(MATERIAL TO PROCESS Opens)

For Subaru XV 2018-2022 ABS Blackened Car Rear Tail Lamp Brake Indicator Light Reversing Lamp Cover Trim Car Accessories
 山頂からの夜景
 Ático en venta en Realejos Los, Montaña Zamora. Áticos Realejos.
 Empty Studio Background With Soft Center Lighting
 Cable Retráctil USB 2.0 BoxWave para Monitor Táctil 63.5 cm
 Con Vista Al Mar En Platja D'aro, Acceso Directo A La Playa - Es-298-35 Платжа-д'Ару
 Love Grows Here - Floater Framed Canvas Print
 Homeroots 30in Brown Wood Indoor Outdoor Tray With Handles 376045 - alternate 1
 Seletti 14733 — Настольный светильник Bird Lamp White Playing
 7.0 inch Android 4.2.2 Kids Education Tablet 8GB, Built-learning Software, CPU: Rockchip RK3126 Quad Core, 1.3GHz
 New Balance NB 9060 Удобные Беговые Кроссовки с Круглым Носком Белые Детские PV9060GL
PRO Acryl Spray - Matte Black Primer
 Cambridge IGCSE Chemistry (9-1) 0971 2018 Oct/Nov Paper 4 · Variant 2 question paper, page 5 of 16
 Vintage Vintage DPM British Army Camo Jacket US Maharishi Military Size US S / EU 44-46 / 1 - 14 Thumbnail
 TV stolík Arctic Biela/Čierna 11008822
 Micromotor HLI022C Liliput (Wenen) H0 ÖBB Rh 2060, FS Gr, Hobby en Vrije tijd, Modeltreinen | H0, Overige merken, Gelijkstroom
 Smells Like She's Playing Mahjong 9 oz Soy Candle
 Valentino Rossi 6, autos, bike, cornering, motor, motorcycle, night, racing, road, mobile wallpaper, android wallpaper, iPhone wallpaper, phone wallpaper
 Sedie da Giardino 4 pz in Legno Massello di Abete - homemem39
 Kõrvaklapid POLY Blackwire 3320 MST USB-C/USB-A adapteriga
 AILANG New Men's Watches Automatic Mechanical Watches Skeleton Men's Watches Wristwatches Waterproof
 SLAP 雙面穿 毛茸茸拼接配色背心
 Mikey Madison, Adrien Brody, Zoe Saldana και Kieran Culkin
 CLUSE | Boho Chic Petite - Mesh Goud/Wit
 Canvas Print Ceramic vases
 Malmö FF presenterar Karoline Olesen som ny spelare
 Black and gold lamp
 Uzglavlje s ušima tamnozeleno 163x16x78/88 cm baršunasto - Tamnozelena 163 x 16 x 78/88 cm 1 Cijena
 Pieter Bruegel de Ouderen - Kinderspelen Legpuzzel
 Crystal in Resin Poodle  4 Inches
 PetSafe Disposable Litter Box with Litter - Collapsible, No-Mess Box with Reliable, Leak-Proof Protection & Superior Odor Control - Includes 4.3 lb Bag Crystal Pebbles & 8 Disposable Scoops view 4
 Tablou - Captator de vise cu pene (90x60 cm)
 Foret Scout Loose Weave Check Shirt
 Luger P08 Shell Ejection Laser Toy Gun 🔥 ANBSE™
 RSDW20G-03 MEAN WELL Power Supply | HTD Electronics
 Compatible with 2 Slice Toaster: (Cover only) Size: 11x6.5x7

(MATERIAL TO PROCESS Closes)

:: EXERCISE DIRECTIONS ::
Only the number is wanted: how many lines in the entries above contain the string "Crystal"?

:: ANSWER ::
2